→ **Recorded data**:
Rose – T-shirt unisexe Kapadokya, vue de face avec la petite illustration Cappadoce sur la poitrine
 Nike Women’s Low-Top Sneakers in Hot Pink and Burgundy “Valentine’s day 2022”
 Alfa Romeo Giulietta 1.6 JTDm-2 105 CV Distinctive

→ **What is expected**:
Take the line with "Nike Women’s Low-Top" and every line after it in the data, and please reproduce them exactly, leaving out all other lines.

→ **Answer box**:
 Nike Women’s Low-Top Sneakers in Hot Pink and Burgundy “Valentine’s day 2022”
 Alfa Romeo Giulietta 1.6 JTDm-2 105 CV Distinctive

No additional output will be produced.